表彰式典

第59回 社会貢献者表彰式典(於:帝国ホテル東京)

受賞者代表挨拶

受賞者代表・認定NPO法人 プラス・エデュケート 理事長 森 顕子 さん

受賞者代表・認定NPO法人 プラス・エデュケート 森 顕子 さん

私は認定NPO法人プラス・エデュケート理事長の森顕子と申します。外国ルーツの子どもたちへの日本語・教科学習支援と教材研究・作成、子どもの日本語教師育成などの活動を行っております。

外国ルーツの子どもには、多様な背景があります。
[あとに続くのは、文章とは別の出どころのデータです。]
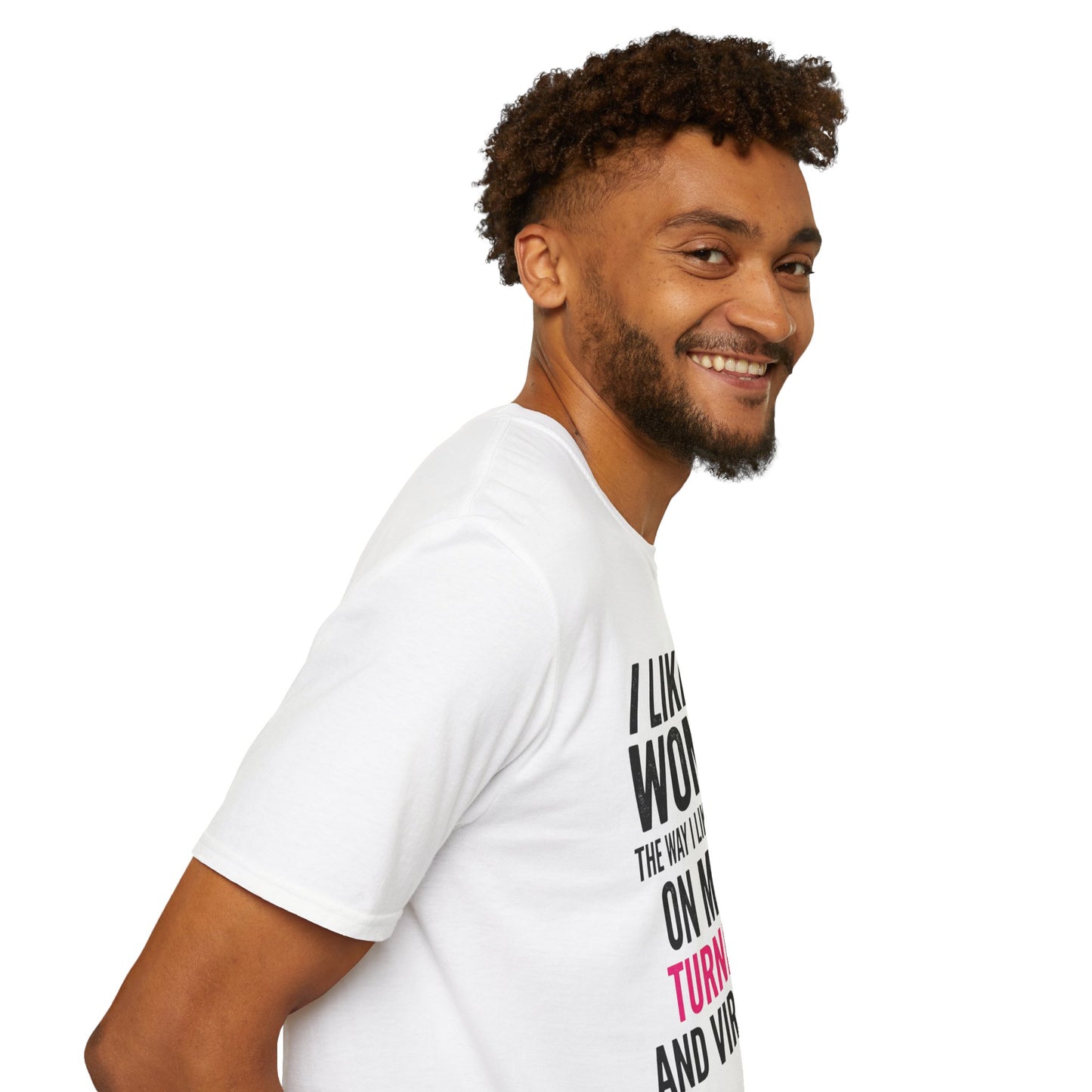 "I Like My Women the Way I Like My Laptop: On My Lap, Turned On, and Virus Free"-Funny Graphic T‑Shirt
外国で生まれ育ち、親に連れてこられた子はもちろんのこと、親は外国人だけど日本で生まれ育っている子、父親は日本人だけど母親は外国ルーツの人で、国籍は日本などです。我が国では、在留外国人は約300万人となっており、今や外国人なくして、経済はなりたちません。私たちが活動拠点とする愛知県は自動車関連の製造業を中心として、サービス、物流、介護、農業などあらゆる分野で外国人がたくさん働いており、それに伴い外国ルーツの子どもの数もとても多いところです。

文科省の調査によりますと、日本語指導が必要な子どもの数は全国に約6万人といわれ、そのほとんどが、十分な日本語指導を受けられているとはいえません。中でも愛知県は1万2千人もの子どもが指導を必要としており、他県に比べ、群をぬいて多くなっています。そして、学校に通っていない、いわゆる不就学の状態の子どもも全国に約1万人いることも忘れてはなりません。
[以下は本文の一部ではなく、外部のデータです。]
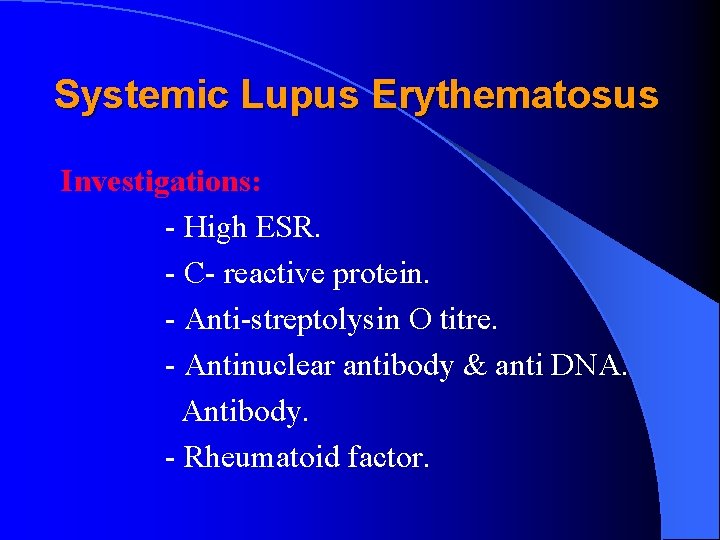 Systemic Lupus Erythematosus Investigations: - High ESR. - C- reactive protein. - Anti-streptolysin O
私たちは活動当初から、6歳から18歳くらいまでの子どもを対象に支援してきました。大人は来日目的があり、必要であれば様々な方法で日本語を学ぶことができますが、子どもは、そうではありません。それなのに、学校では日本語が話せなければ友達ができず、孤立してしまいがちです。また、彼らは学校では日本語、家ではポルトガル語というような環境で暮らす上に、「読み書き」ができる日本語力を持っている親は少ないため、家庭で学習サポートを得ることは難しいです。さらに滞在年数が長くなると、日本での進学や就職を考えなくてはなりません。
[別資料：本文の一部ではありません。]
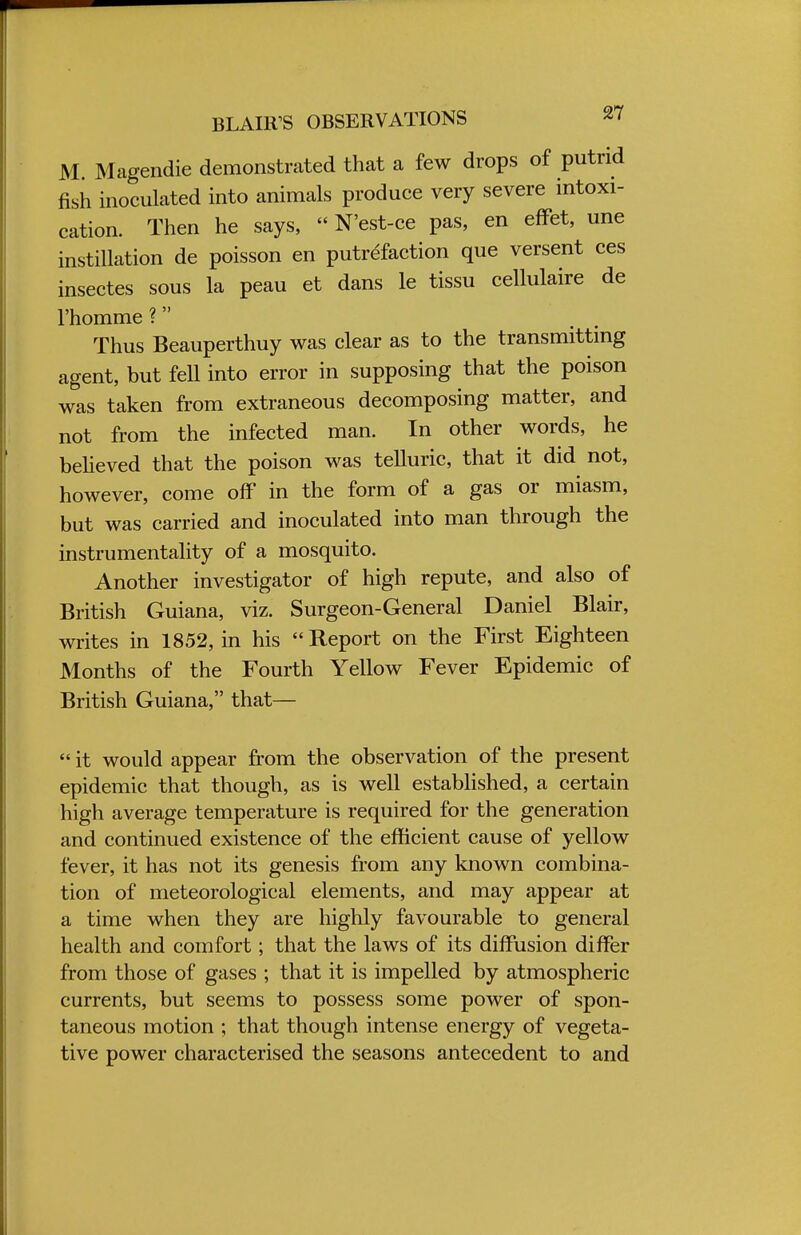 M. Magendie demonstrated that a few drops of putrid fish inoculated into animals produce very severe intoxi- cation. Then he says,  N'est-ce pas, en effet, une instillation de poisson en putrefaction que versent ces insectes sous la peau et dans le tissu cellulaire de l'homme ? Thus Beauperthuy was clear as to the transmitting agent, but feU into error in supposing that the poison was taken from extraneous decomposing matter, and not from the infected man. In other words, he believed that the poison was telluric, that it did not, however, come off in the form of a gas or miasm, but was carried and inoculated into man through the instrumentality of a mosquito. Another investigator of high repute, and also of British Guiana, viz. Surgeon-General Daniel Blair, writes in 1852, in his Report on the First Eighteen Months of the Fourth Yellow Fever Epidemic of British Guiana, that—  it would appear from the observation of the present epidemic that though, as is well established, a certain high average temperature is required for the generation and continued existence of the efficient cause of yellow fever, it has not its genesis from any known combina- tion of meteorological elements, and may appear at a time when they are highly favourable to general health and comfort; that the laws of its diffusion differ from those of gases ; that it is impelled by atmospheric currents, but seems to possess some power of spon- taneous motion ; that though intense energy of vegeta- tive power characterised the seasons antecedent to and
そのため、毎日学習できる体制づくりが必要だと考え、行政主導で学校との連携がとれるよう、数年をかけて粘り強く交渉した結果、今では3つの自治体から委託をうけ、指導を必要とする子どものほとんどが、日本語教育を受けられるようになりました。

と同時に、教育内容の充実にも取組みました。学習を始めてから、できるだけ早くにその効果を感じられなければ、子どもたちのやる気は維持できません。市販の教材では満足できず、自分たちで試行錯誤を重ねて、4冊のテキストを完成させ、『3か月で話せるようになる指導法』を確立しました。そして、私がもう一つ情熱を傾けてきたことが「教師の育成」です。

子どもは1人1人素晴らしい能力を秘めており、それぞれの人生の主役です。しかし、多くの子どもはそのことに気付いていません。教師は、彼らに今より少し負荷をかけてやり、がんばらせ、認めて、ほめてあげる。その中で、子どもに自分はやればできるんだと信じさせることが、教師には必要です。いいかえれば、「主役」はあくまでも子ども自身であり、教材や指導法は「脚本や設定」にすぎず、教師は「演出家」でなければならないということです。外国ルーツの子どもにとって、日本語教師は初めて深く接する日本人となります。その出会いが、日本で生活していく自信となり、素晴らしい未来につながるのであれば、これほどうれしいことはありません。今後も広く子どもの日本語教師を育成することで、どこに住んでいても質の高い教育が受けられるような社会が実現できるよう努力を重ねていきたいと考えております。

最後になりますが、この度は、大変名誉な賞を賜りましたことに加え、素晴らしい活動をされ、表彰を受けられたすべてのみなさまを代表してこの場に立たせていただいたことに、心より感謝申し上げます。これからも、皆様とともにこの賞に恥じぬよう精進してまいります。まことにありがとうございました。